Początek spotkania nie wskazywał na to, że siatkarki BKS Profi Credit powtórnie zostaną rozgromione, lecz od stanu 9:8 przyjezdne rozpoczęły budowanie kluczowej przewagi. Triumfowały spokojnie 25:19, notując w przeciwieństwie do podopiecznych Bartłomieja Piekarczyka wysoką skuteczność w ataku.

Bydgoszczanki poszły po przerwie za ciosem, odskakując na dobre przy wyniku 9:6. O drugim secie wspomnieć można tylko tyle, że po bielskiej stronie zupełnie brakowało atakującej, która byłaby w kluczowych momentach ostoją, jak Tamara Gałucha w szeregach Pałacu.

W partii następnej błyskawicznie Pałac „odjechał” na 8:3 i choć w połowie seta bielszczanki straty z nawiązką odrobiły wychodząc na prowadzenie 15:14 po udanych zagrywkach Marty Krajewskiej i „czapach” na Patrycji Balmas, to w końcowej fazie meczu nic do powiedzenia nie miały. Gałucha co rusz znajdywała sposób na bielski blok, to ona również co najwyżej średnie emocje w poniedziałkowy wieczór zwieńczyła.
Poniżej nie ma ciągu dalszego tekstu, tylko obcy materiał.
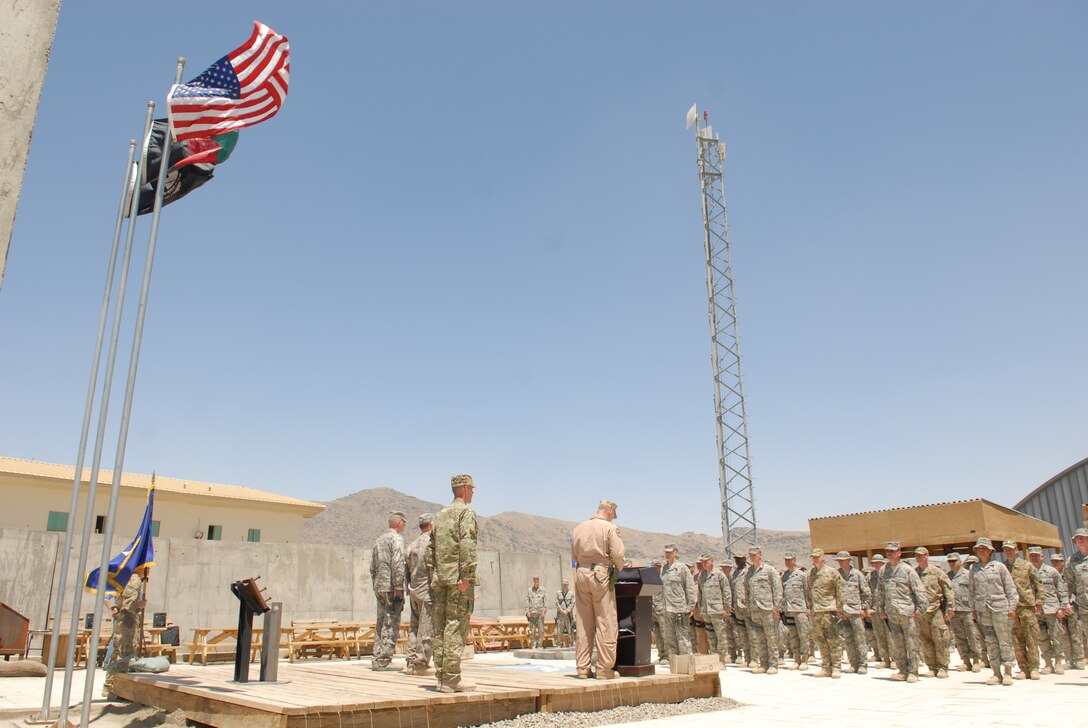 KABUL, Afghanistan - Members of the 438th Air Expeditionary Wing, gather to commemorate Memorial Day.  The day serves to honor military members currently serving and those that have died while in military service.  Many Americans observe Memorial day by visiting cemeteries and memorials with the U.S. flag usually flying at half staff.  (US Air Force Photo by Tech. Sgt. Brian E. Christiansen)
O tym, że kolejne straty punktowe BKS-u w obecnym sezonie były czymś więcej niż tylko porażką, niech świadczą liczby. Nominalne atakujące, a więc Katarzyna Konieczna i Magda Jagodzińska, zdobyły łącznie 3 „oczka” na... 22 wykonane próby. Cały zespół popełnił wymowne 22 własne błędy, przy 8 przeciwniczek.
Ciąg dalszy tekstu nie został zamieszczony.